Publiekrechtelijke maatregelen
Naast de bovengenoemde maatregelen die de rechter kan opleggen, heeft ook de Inspectie voor de Gezondheidszorg (IGZ) instrumenten ter beschikking die ingrijpen op het niveau van het bestuur en het interne toezicht.
De IGZ beschikt op grond van de Wet kwaliteit, klachten en geschillen zorg (Wkkgz) (Kamerstuk 32 402) over een aanwijzingsbevoegdheid. De landsadvocaat heeft eerder aangegeven dat deze aanwijzingsbevoegdheid veel ruimte biedt2. De IGZ kan in voorkomende gevallen, wanneer de kwaliteit van zorg in het geding is, de zorgaanbieder een aanwijzing geven waarin zij in het ultieme geval het bestuur of de raad van toezicht kan laten vervangen of uitbreiden.
Het afgelopen jaar heeft de IGZ samen met de Nederlandse Zorgautoriteit (NZa) een gezamenlijk kader toezicht op goed bestuur ontwikkeld. Daarmee hebben de beide toezichthouders duidelijk naar voren gebracht wat zij van bestuur en toezicht binnen een zorginstelling verwachten3.
Dat het niet bij woorden alleen blijft, blijkt wel uit de aanwijzing die de IGZ eind vorig jaar heeft opgelegd aan zorginstelling Careyn4. Daarmee gaat een stevig signaal uit naar de andere bestuurders in de zorg dat goed bestuur een serieuze zaak is waar de IGZ ook echt op handhaaft.
Maatregelen van de IGZ zijn openbaar. Raden van toezicht kunnen daar kennis van nemen als invulling van hun vergewisplicht (zie onder).
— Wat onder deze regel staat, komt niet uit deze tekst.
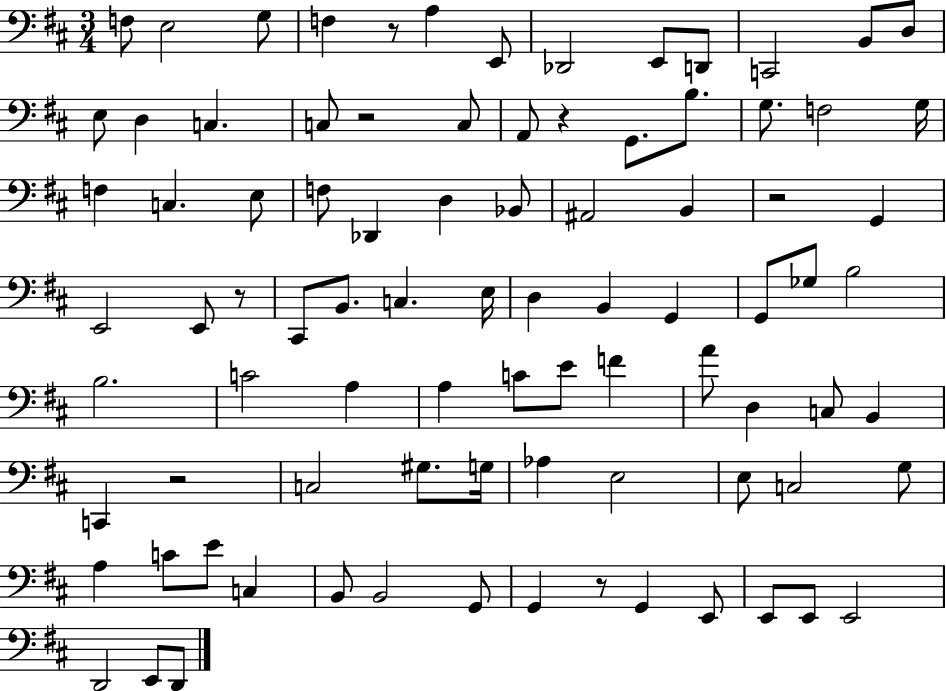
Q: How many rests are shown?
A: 7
Maatregelen vanuit de sector zelf.
Buiten de mogelijkheden die de wet biedt om de kwaliteit van het bestuur te verbeteren, is het wellicht nog belangrijker dat zorginstellingen vooral zelf verantwoordelijk zijn voor hun beleid en dus ook voor de kwaliteit van hun bestuur. Het is een illusie te denken dat alleen met extern toezicht de kwaliteit verbetert. Om het gechargeerd te stellen: de IGZ kan immers niet in iedere bestuurskamer aanwezig zijn en dat moet ook niet ons doel zijn.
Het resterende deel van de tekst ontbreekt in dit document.